= Beginning of Section =

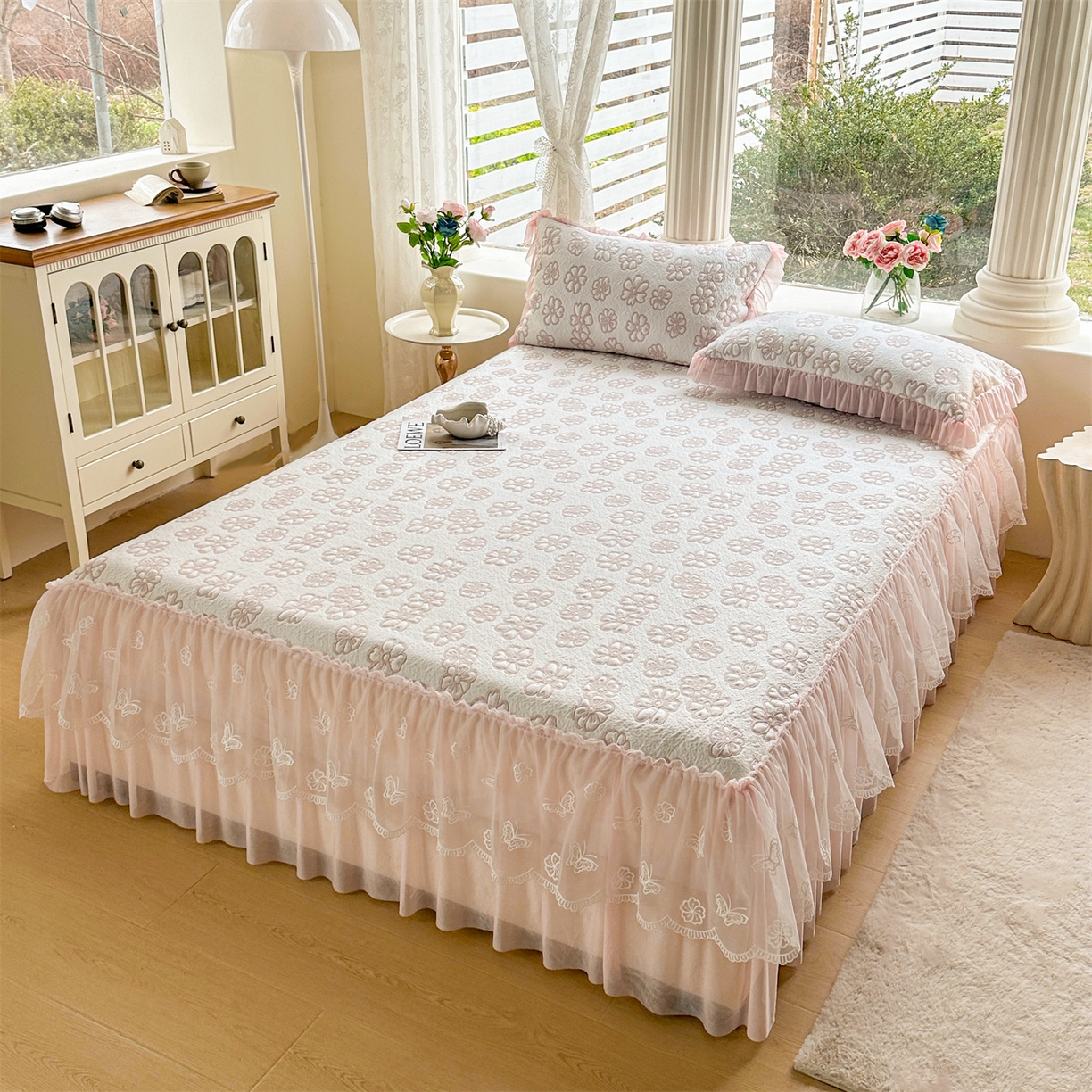 91家纺网 家纺一手货源 找家纺 恒爱家纺 2026新款A类凉感冰豆豆床裙席三件套 风花雪月-粉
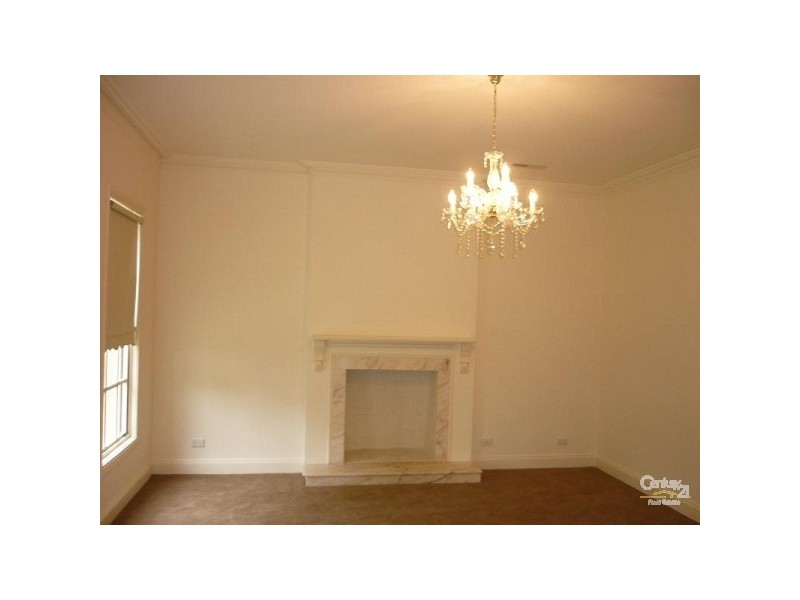 2 Laburnum Street, Brighton VIC 3186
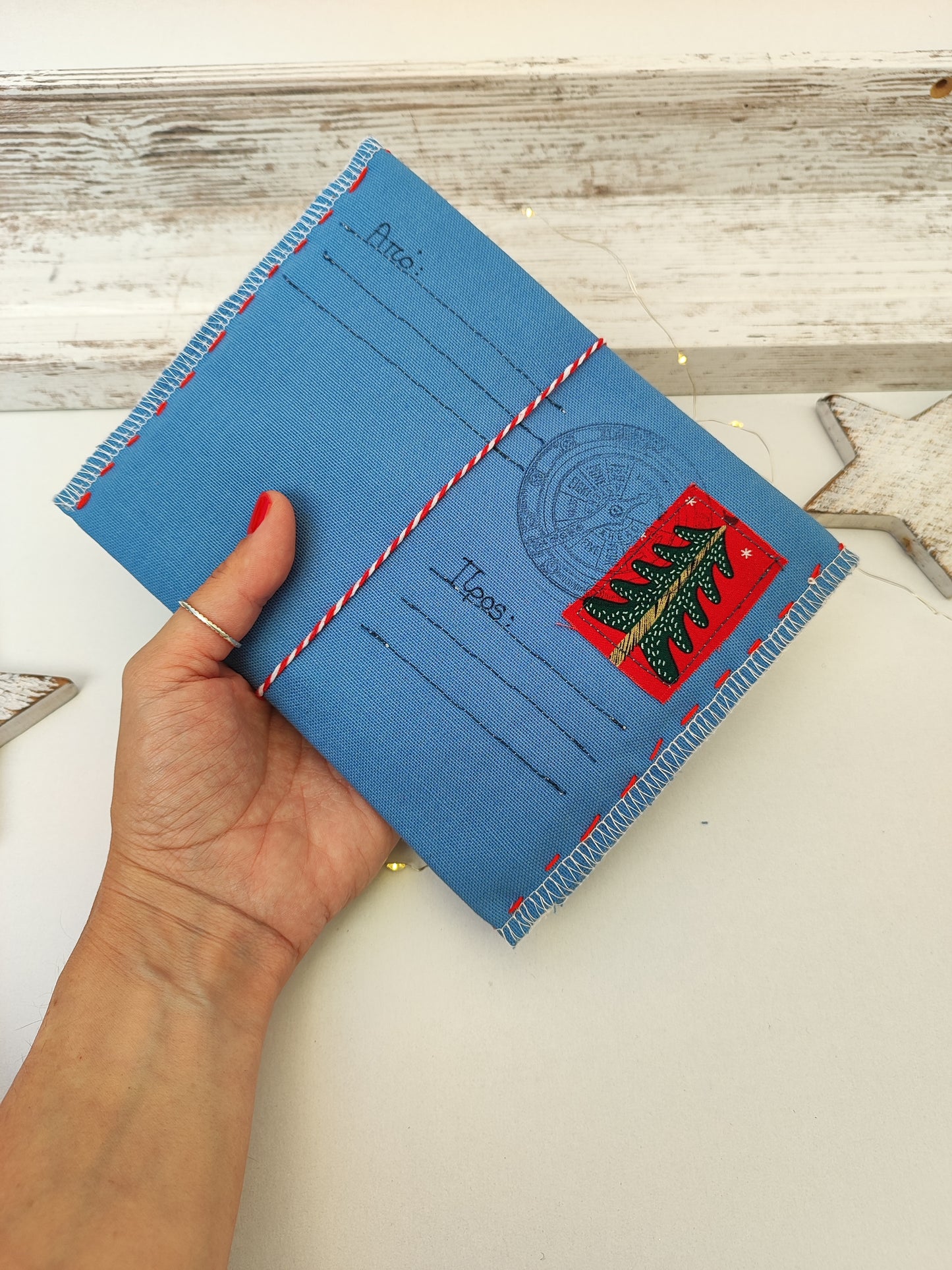 Υφασμάτινος φάκελος για το γράμμα στον Άγιο Βασίλη - γαλάζιο με κόκκινες λεπτομέρειες.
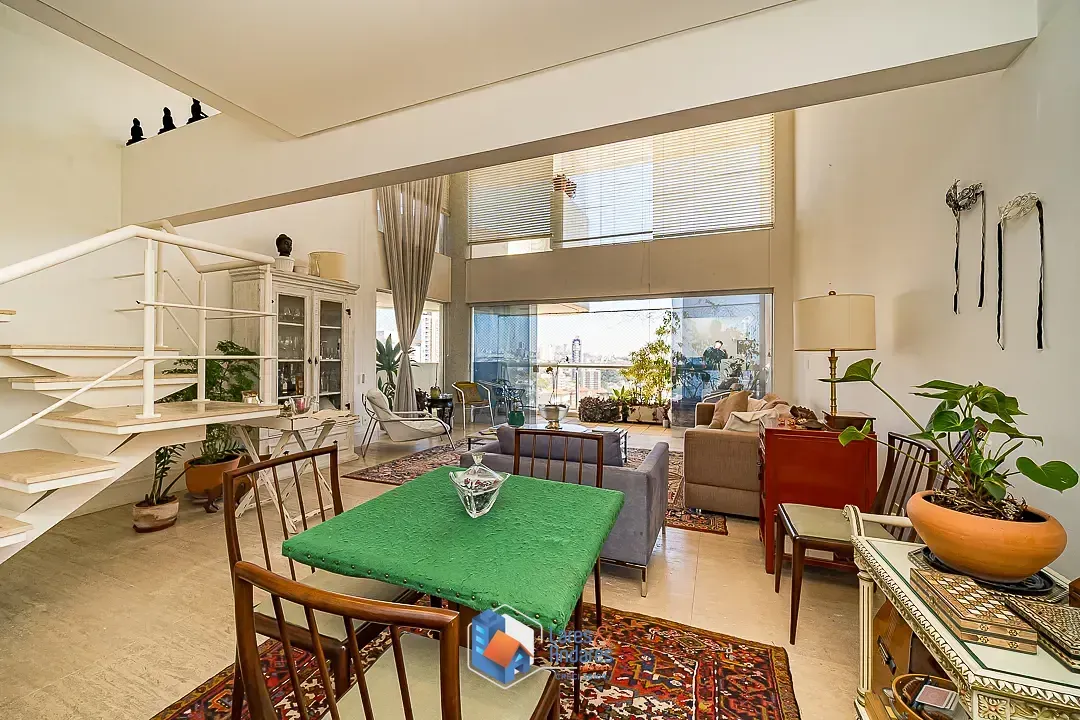 Imagem Duplex para venda e locação em Perdizes com 4 quartos, sendo 2 suítes, 222m²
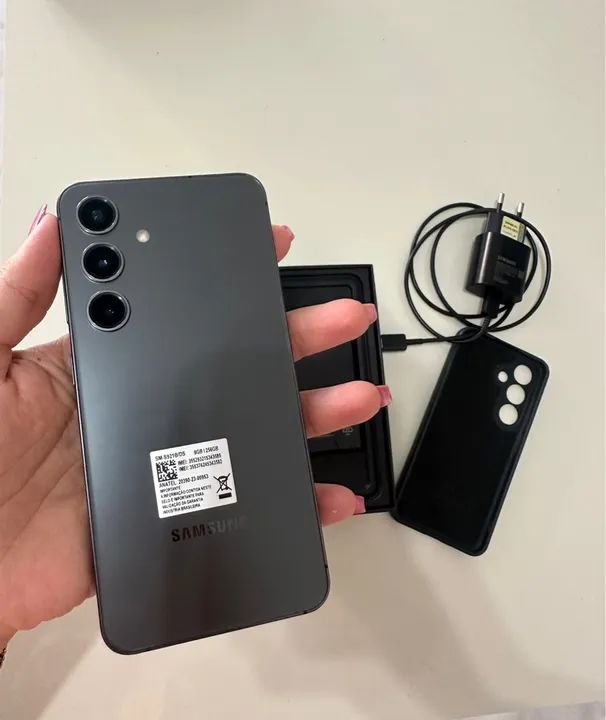 Samsung Galaxy S24 Preto - Foto 4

= End of Section =

YOUR INSTRUCTIONS: Starting with the line that contains "Imagem Duplex para" and ending with the last line of the data above, transcribe exactly those lines and no others, without pictures.

EXERCISE OUTPUT:
 Imagem Duplex para venda e locação em Perdizes com 4 quartos, sendo 2 suítes, 222m²
 Samsung Galaxy S24 Preto - Foto 4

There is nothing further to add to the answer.